(Image-caption web data)
==================================================

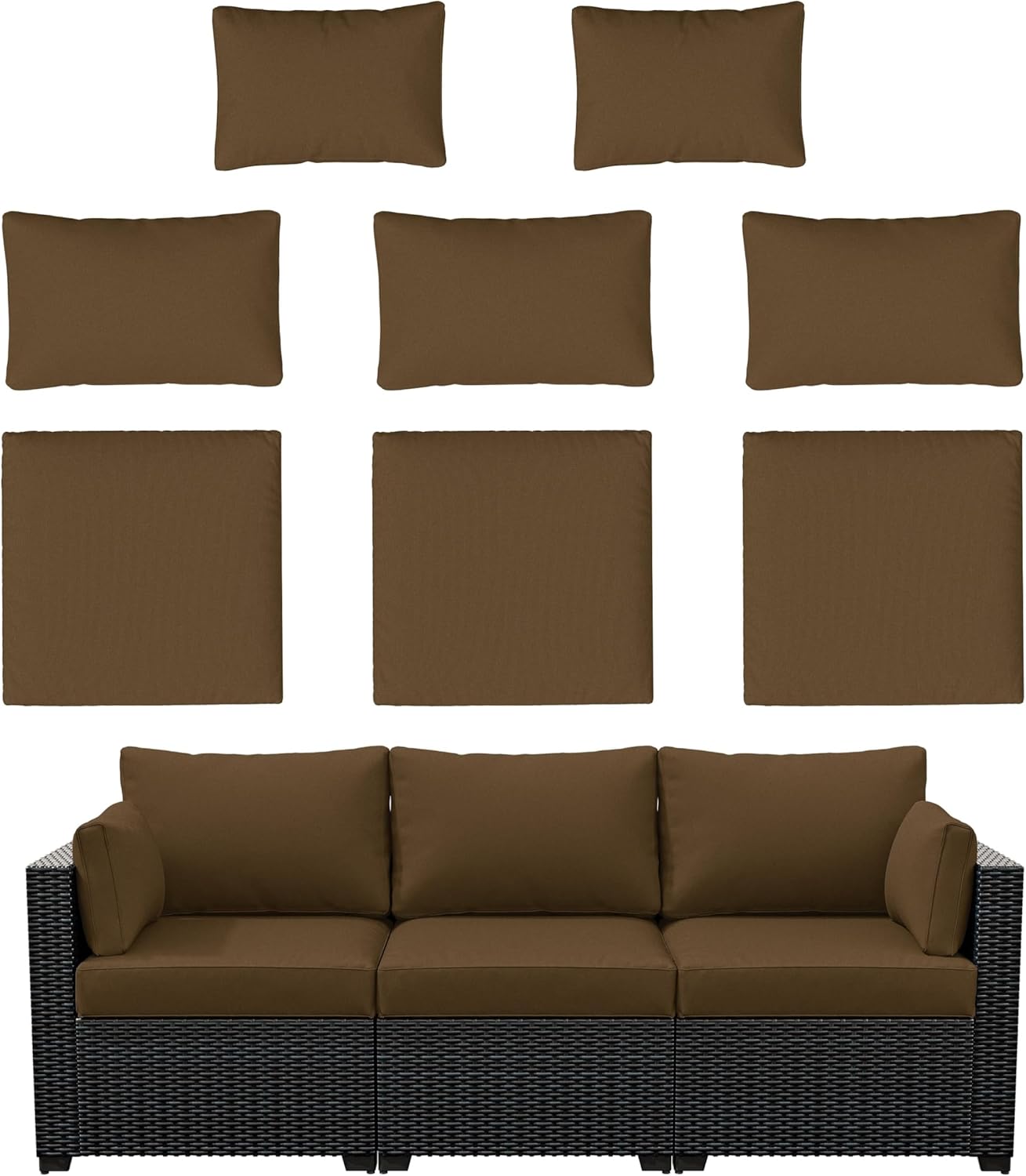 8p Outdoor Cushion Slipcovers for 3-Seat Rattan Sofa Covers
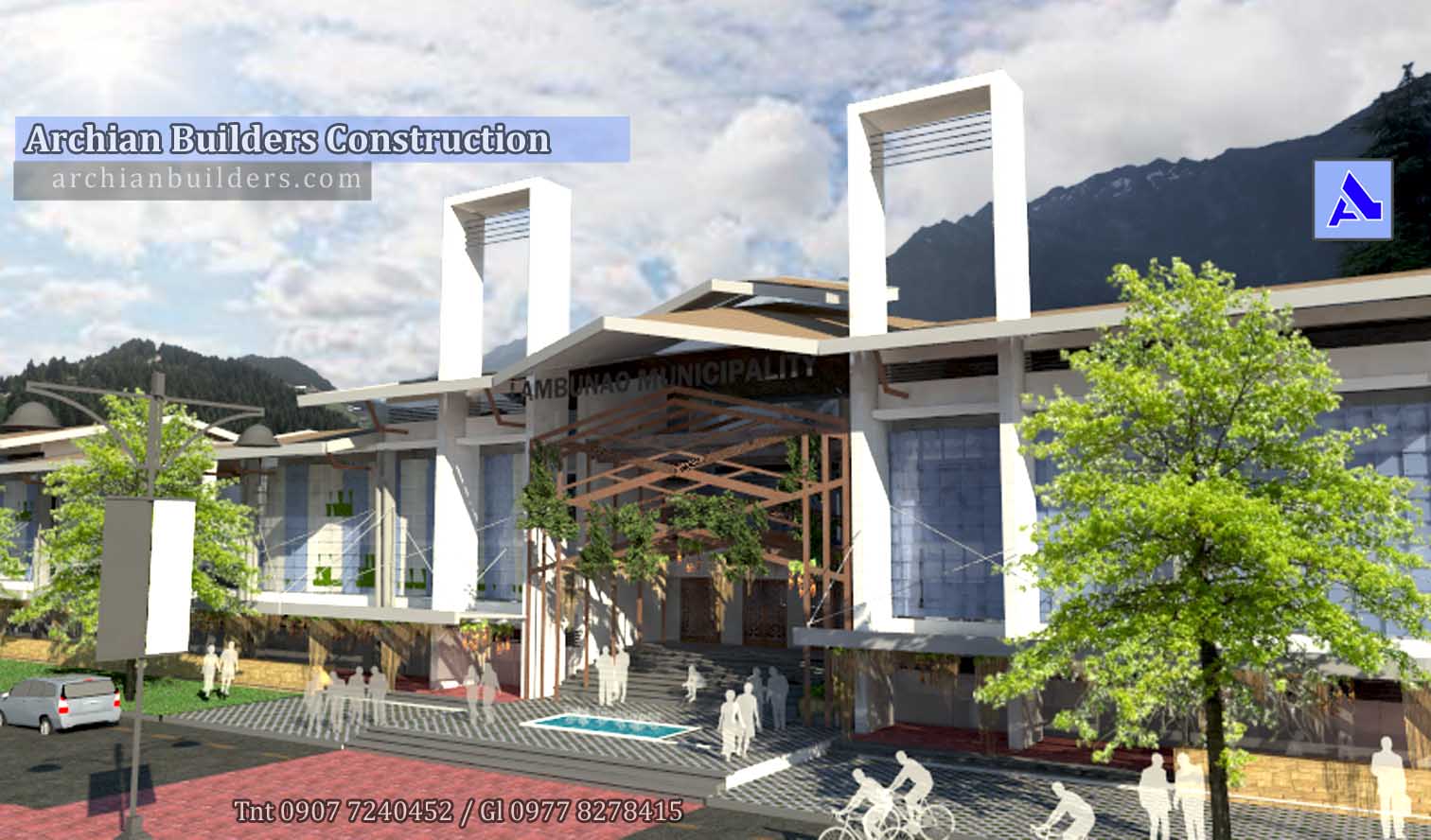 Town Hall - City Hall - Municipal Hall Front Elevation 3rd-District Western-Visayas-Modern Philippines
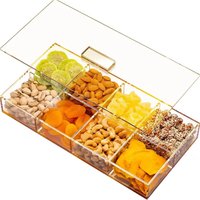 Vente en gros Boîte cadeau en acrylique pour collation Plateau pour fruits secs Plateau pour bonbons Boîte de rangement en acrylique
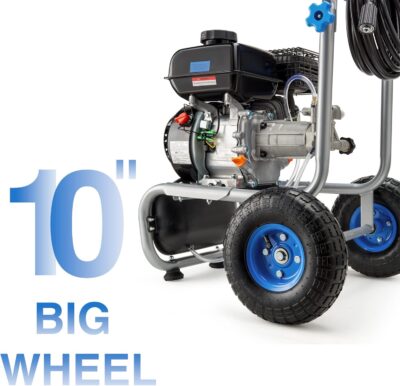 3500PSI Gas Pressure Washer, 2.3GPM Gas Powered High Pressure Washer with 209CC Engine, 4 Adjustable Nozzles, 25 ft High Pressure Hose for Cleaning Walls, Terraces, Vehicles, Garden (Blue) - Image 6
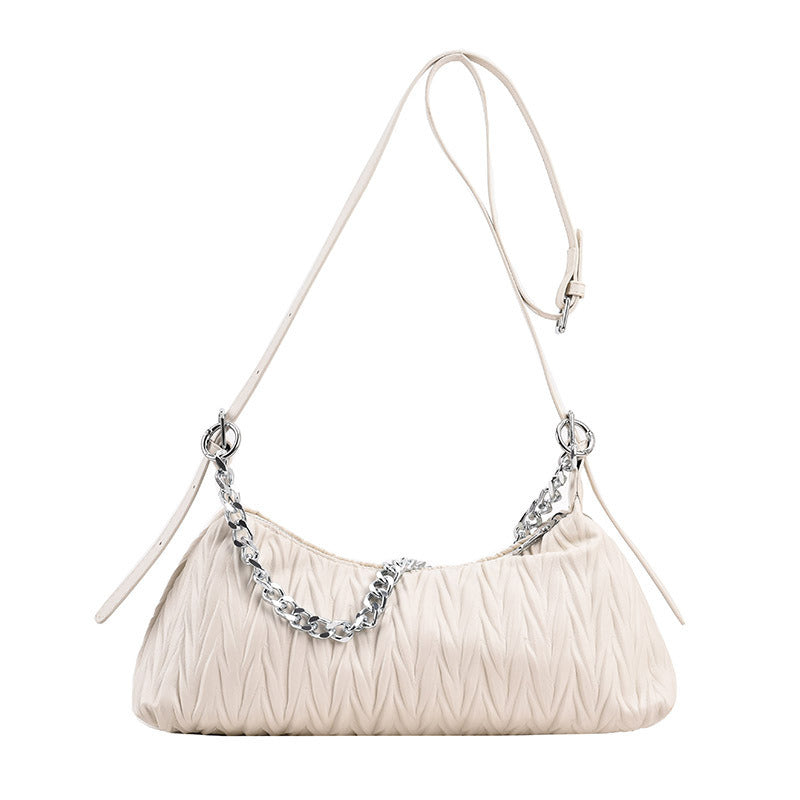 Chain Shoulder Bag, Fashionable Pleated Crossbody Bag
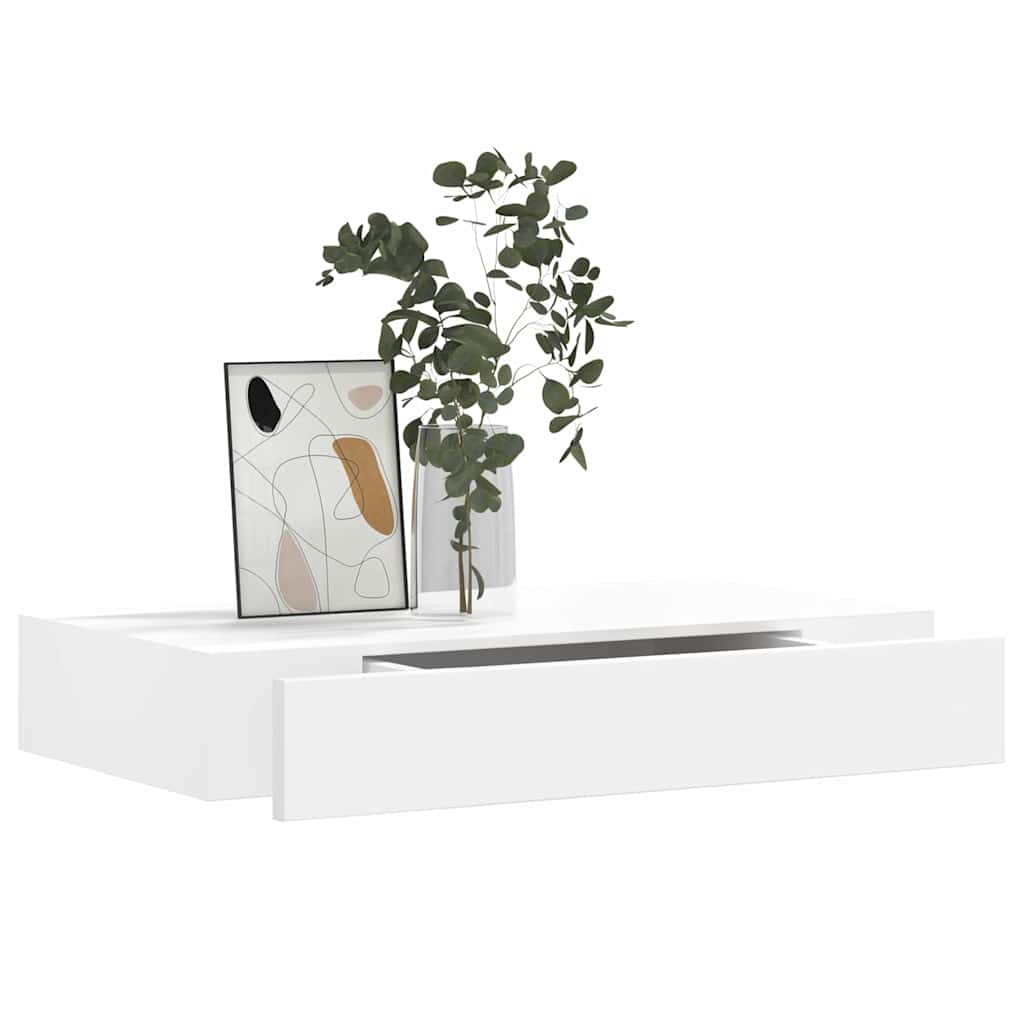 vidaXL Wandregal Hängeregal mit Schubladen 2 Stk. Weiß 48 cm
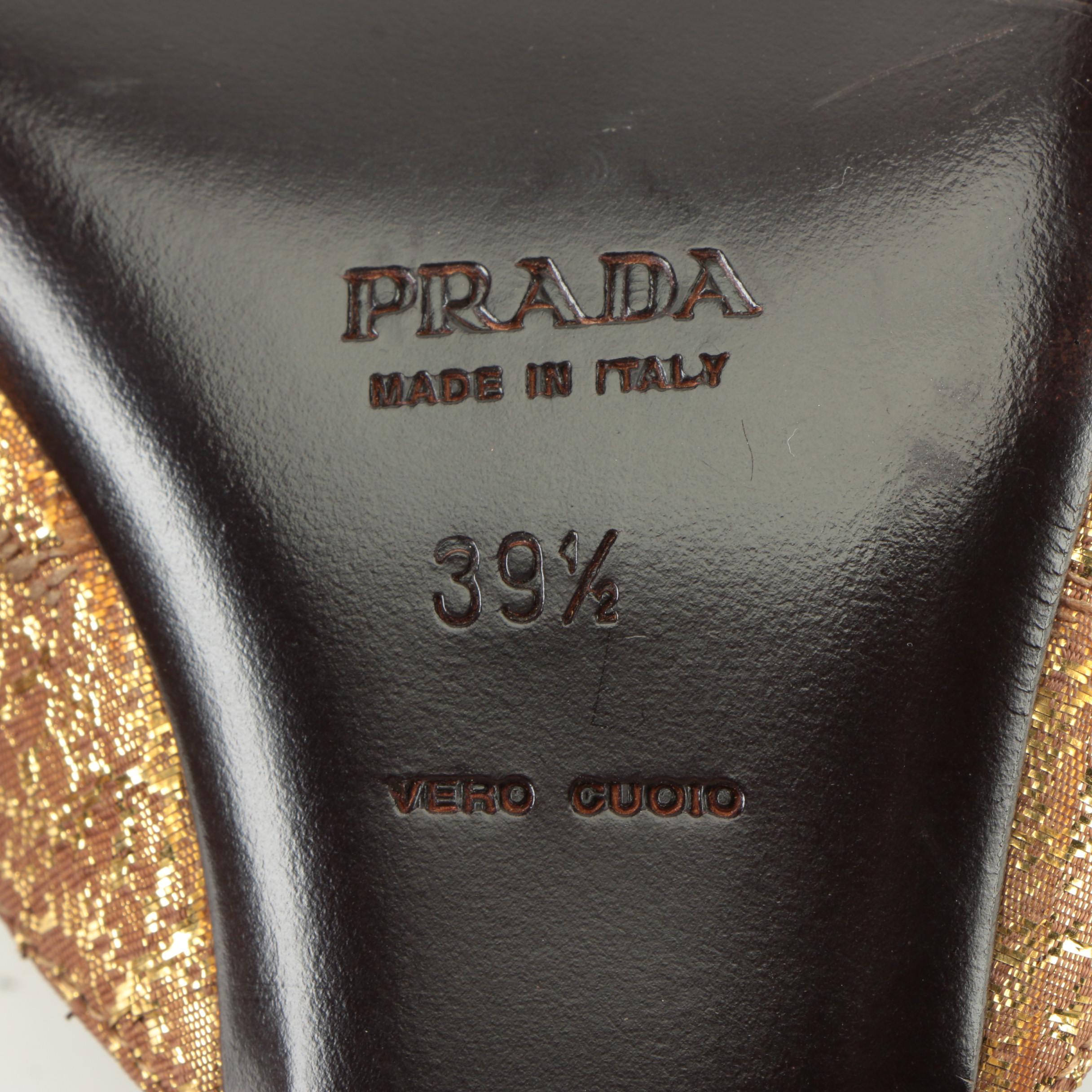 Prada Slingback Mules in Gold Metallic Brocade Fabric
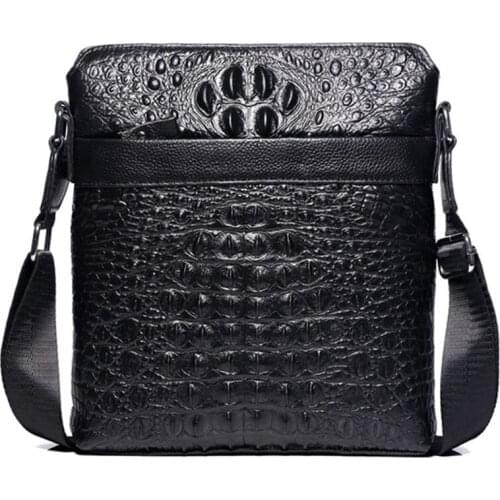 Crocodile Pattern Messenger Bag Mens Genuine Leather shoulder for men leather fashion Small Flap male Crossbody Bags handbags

==================================================

• **Exercise details**
Retype all the data exactly; skip the pictures.

• **Completed exercise**
 8p Outdoor Cushion Slipcovers for 3-Seat Rattan Sofa Covers
 Town Hall - City Hall - Municipal Hall Front Elevation 3rd-District Western-Visayas-Modern Philippines
 Vente en gros Boîte cadeau en acrylique pour collation Plateau pour fruits secs Plateau pour bonbons Boîte de rangement en acrylique
 3500PSI Gas Pressure Washer, 2.3GPM Gas Powered High Pressure Washer with 209CC Engine, 4 Adjustable Nozzles, 25 ft High Pressure Hose for Cleaning Walls, Terraces, Vehicles, Garden (Blue) - Image 6
 Chain Shoulder Bag, Fashionable Pleated Crossbody Bag
 vidaXL Wandregal Hängeregal mit Schubladen 2 Stk. Weiß 48 cm
 Prada Slingback Mules in Gold Metallic Brocade Fabric
 Crocodile Pattern Messenger Bag Mens Genuine Leather shoulder for men leather fashion Small Flap male Crossbody Bags handbags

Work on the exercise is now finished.